** Opening RECORDS SUPPLIED block **

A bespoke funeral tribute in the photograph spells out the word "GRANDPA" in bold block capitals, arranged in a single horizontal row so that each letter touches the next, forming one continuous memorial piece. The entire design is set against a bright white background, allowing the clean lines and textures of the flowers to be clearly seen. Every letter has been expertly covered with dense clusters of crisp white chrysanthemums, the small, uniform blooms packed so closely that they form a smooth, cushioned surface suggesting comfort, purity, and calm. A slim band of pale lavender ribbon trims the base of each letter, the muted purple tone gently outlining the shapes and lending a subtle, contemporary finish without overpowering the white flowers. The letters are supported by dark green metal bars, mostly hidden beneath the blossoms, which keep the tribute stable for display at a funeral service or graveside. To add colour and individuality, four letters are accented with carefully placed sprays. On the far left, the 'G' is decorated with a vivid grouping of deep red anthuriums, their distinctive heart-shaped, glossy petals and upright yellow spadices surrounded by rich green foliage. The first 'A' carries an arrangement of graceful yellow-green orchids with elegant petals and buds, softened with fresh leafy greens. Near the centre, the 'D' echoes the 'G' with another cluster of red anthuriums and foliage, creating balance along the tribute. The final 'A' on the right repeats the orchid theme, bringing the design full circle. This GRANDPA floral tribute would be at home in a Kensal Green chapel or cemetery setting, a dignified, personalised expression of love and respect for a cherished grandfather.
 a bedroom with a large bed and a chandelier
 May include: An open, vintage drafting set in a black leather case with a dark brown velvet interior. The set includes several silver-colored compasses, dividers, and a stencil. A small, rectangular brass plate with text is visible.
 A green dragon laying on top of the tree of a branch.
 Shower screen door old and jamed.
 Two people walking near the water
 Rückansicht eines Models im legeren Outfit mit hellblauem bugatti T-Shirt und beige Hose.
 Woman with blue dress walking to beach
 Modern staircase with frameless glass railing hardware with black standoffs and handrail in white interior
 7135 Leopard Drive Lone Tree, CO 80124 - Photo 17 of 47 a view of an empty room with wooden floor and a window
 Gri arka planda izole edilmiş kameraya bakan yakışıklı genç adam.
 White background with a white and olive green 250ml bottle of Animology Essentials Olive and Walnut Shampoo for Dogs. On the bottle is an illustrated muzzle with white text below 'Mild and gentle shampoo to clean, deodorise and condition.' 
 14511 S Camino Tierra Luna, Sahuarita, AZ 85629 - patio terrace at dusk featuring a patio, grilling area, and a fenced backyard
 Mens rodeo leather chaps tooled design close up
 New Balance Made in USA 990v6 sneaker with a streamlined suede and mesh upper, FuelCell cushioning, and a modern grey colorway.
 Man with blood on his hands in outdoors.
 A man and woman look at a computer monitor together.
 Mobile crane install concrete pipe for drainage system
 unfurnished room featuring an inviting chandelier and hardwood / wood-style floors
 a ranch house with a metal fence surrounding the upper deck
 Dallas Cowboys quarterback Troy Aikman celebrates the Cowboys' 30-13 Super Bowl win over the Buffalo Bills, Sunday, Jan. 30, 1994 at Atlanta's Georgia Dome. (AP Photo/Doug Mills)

** Closing RECORDS SUPPLIED block **

## [YOUR INSTRUCTIONS]
Write out every line of the data again, exactly as it reads.

## [SOLUTION]
A bespoke funeral tribute in the photograph spells out the word "GRANDPA" in bold block capitals, arranged in a single horizontal row so that each letter touches the next, forming one continuous memorial piece. The entire design is set against a bright white background, allowing the clean lines and textures of the flowers to be clearly seen. Every letter has been expertly covered with dense clusters of crisp white chrysanthemums, the small, uniform blooms packed so closely that they form a smooth, cushioned surface suggesting comfort, purity, and calm. A slim band of pale lavender ribbon trims the base of each letter, the muted purple tone gently outlining the shapes and lending a subtle, contemporary finish without overpowering the white flowers. The letters are supported by dark green metal bars, mostly hidden beneath the blossoms, which keep the tribute stable for display at a funeral service or graveside. To add colour and individuality, four letters are accented with carefully placed sprays. On the far left, the 'G' is decorated with a vivid grouping of deep red anthuriums, their distinctive heart-shaped, glossy petals and upright yellow spadices surrounded by rich green foliage. The first 'A' carries an arrangement of graceful yellow-green orchids with elegant petals and buds, softened with fresh leafy greens. Near the centre, the 'D' echoes the 'G' with another cluster of red anthuriums and foliage, creating balance along the tribute. The final 'A' on the right repeats the orchid theme, bringing the design full circle. This GRANDPA floral tribute would be at home in a Kensal Green chapel or cemetery setting, a dignified, personalised expression of love and respect for a cherished grandfather.
 a bedroom with a large bed and a chandelier
 May include: An open, vintage drafting set in a black leather case with a dark brown velvet interior. The set includes several silver-colored compasses, dividers, and a stencil. A small, rectangular brass plate with text is visible.
 A green dragon laying on top of the tree of a branch.
 Shower screen door old and jamed.
 Two people walking near the water
 Rückansicht eines Models im legeren Outfit mit hellblauem bugatti T-Shirt und beige Hose.
 Woman with blue dress walking to beach
 Modern staircase with frameless glass railing hardware with black standoffs and handrail in white interior
 7135 Leopard Drive Lone Tree, CO 80124 - Photo 17 of 47 a view of an empty room with wooden floor and a window
 Gri arka planda izole edilmiş kameraya bakan yakışıklı genç adam.
 White background with a white and olive green 250ml bottle of Animology Essentials Olive and Walnut Shampoo for Dogs. On the bottle is an illustrated muzzle with white text below 'Mild and gentle shampoo to clean, deodorise and condition.' 
 14511 S Camino Tierra Luna, Sahuarita, AZ 85629 - patio terrace at dusk featuring a patio, grilling area, and a fenced backyard
 Mens rodeo leather chaps tooled design close up
 New Balance Made in USA 990v6 sneaker with a streamlined suede and mesh upper, FuelCell cushioning, and a modern grey colorway.
 Man with blood on his hands in outdoors.
 A man and woman look at a computer monitor together.
 Mobile crane install concrete pipe for drainage system
 unfurnished room featuring an inviting chandelier and hardwood / wood-style floors
 a ranch house with a metal fence surrounding the upper deck
 Dallas Cowboys quarterback Troy Aikman celebrates the Cowboys' 30-13 Super Bowl win over the Buffalo Bills, Sunday, Jan. 30, 1994 at Atlanta's Georgia Dome. (AP Photo/Doug Mills)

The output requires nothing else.